Reproduce all of the data below without alteration; exclude every picture.

______

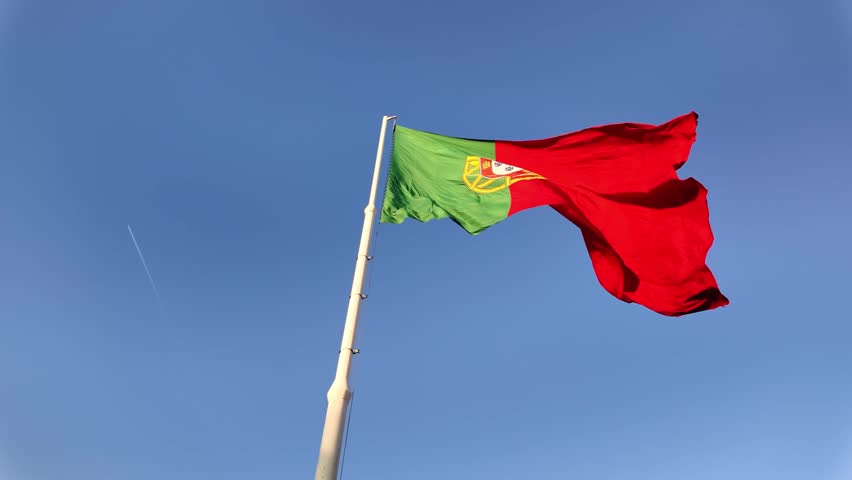 Portugal National Flag Billowing in Wind Over Bright Blue Sky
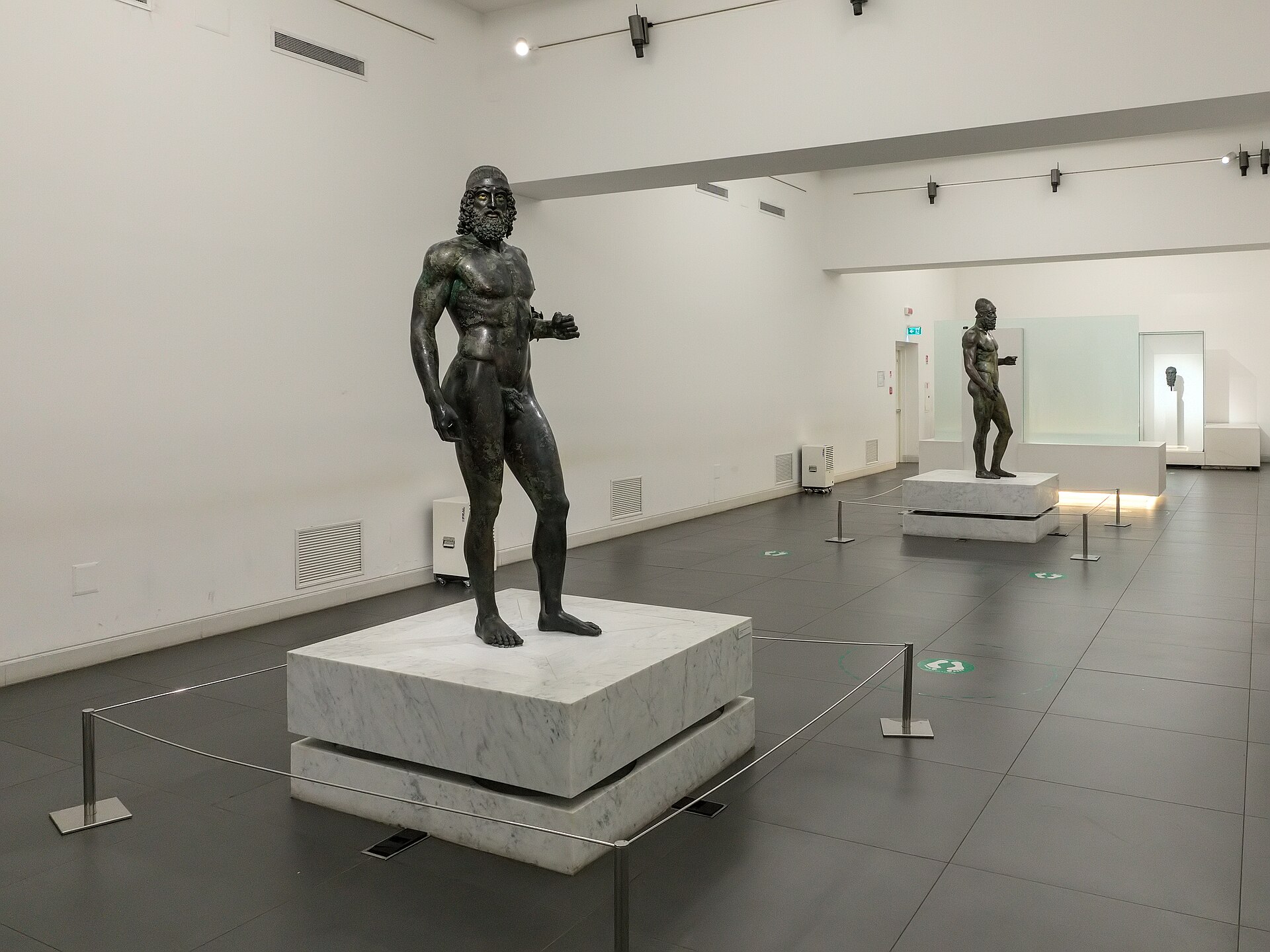 i due bronzi di riace nella sala del museo di reggio calabria sulle basi di marmo bianco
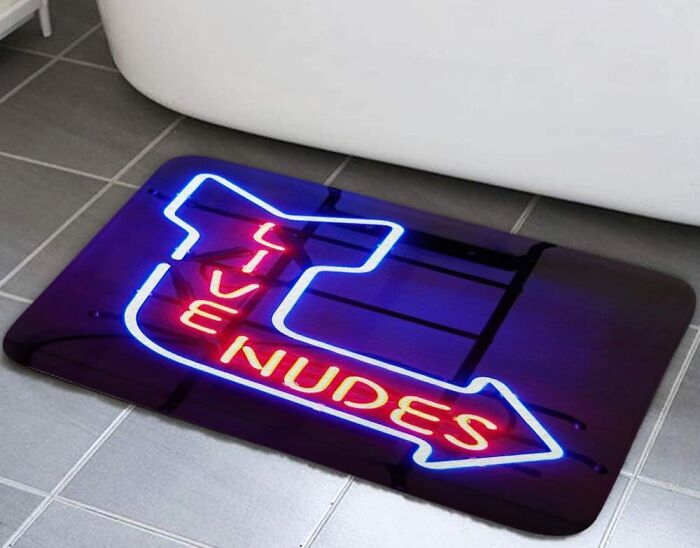 A unique bathroom rug with a neon "Live Nudes" sign design on a tiled floor.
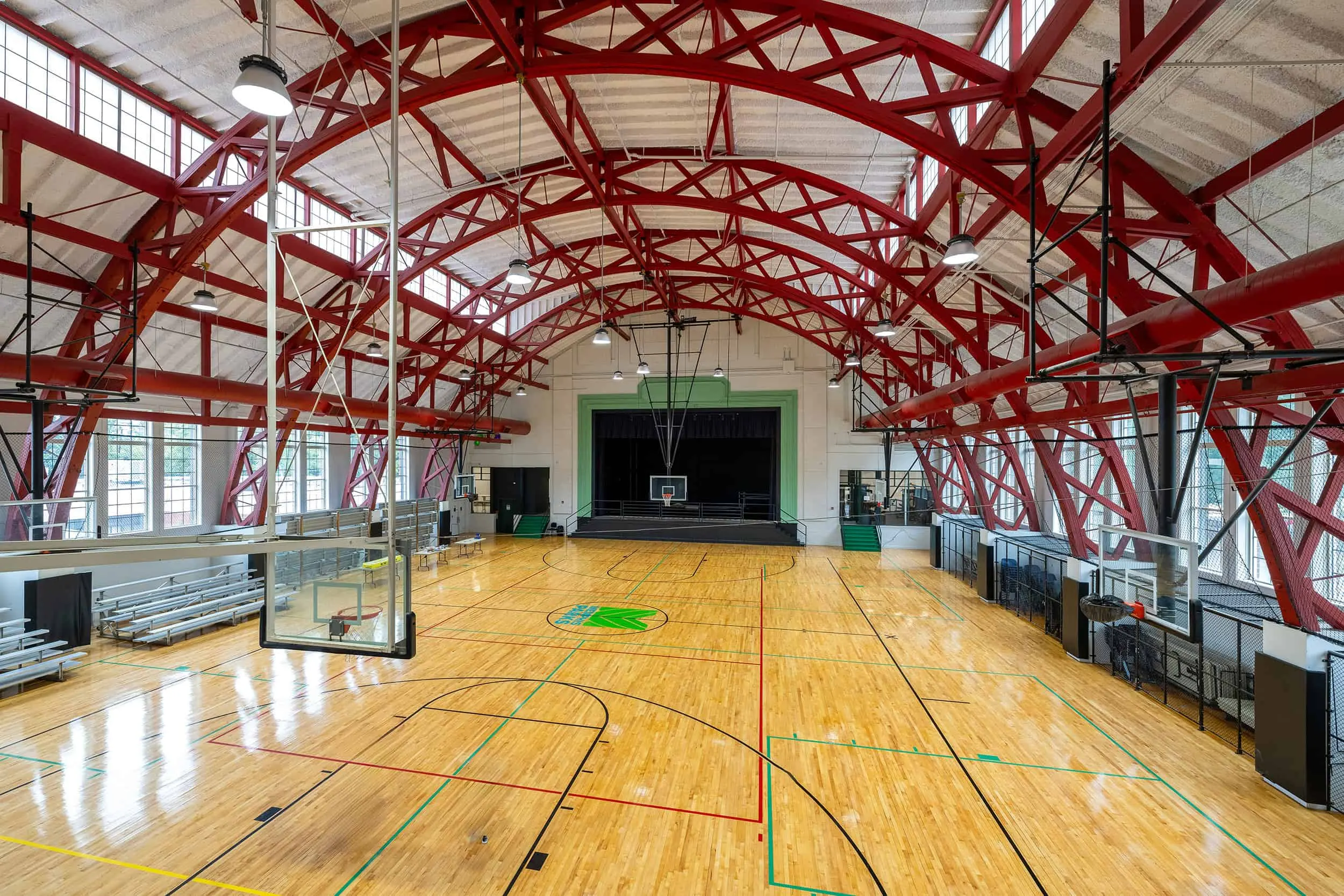 The gymnasium under red steel arches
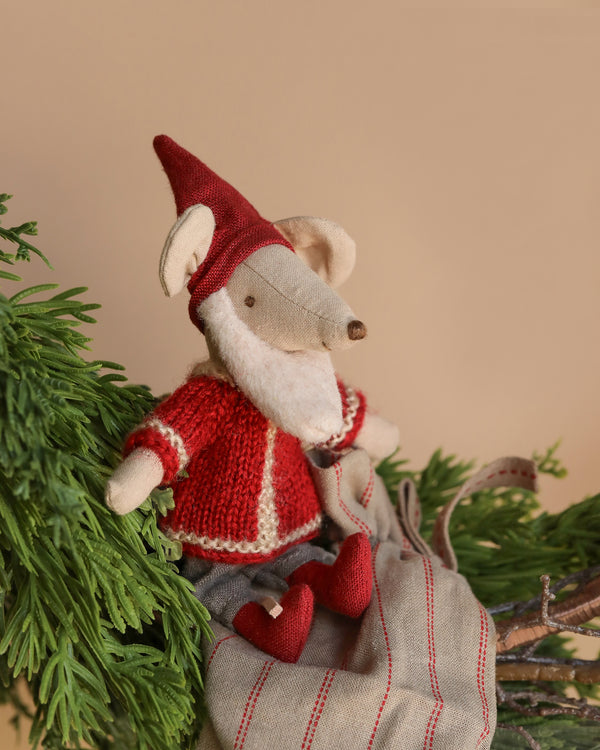 The Maileg Santa Mouse, a small plush mouse dressed in festive attire, sits on a green branch beneath the twinkling Christmas night. This charming big brother holds a striped sack and adds holiday cheer to the scene with his pointy hat and joyful spirit.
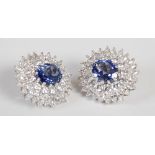 A pair of white metal synthetic sapphire and yttrium aluminium garnet cluster clip earrings, 20th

______

Response below ::
 Portugal National Flag Billowing in Wind Over Bright Blue Sky
 i due bronzi di riace nella sala del museo di reggio calabria sulle basi di marmo bianco
 A unique bathroom rug with a neon "Live Nudes" sign design on a tiled floor.
 The gymnasium under red steel arches
 The Maileg Santa Mouse, a small plush mouse dressed in festive attire, sits on a green branch beneath the twinkling Christmas night. This charming big brother holds a striped sack and adds holiday cheer to the scene with his pointy hat and joyful spirit.
 A pair of white metal synthetic sapphire and yttrium aluminium garnet cluster clip earrings, 20th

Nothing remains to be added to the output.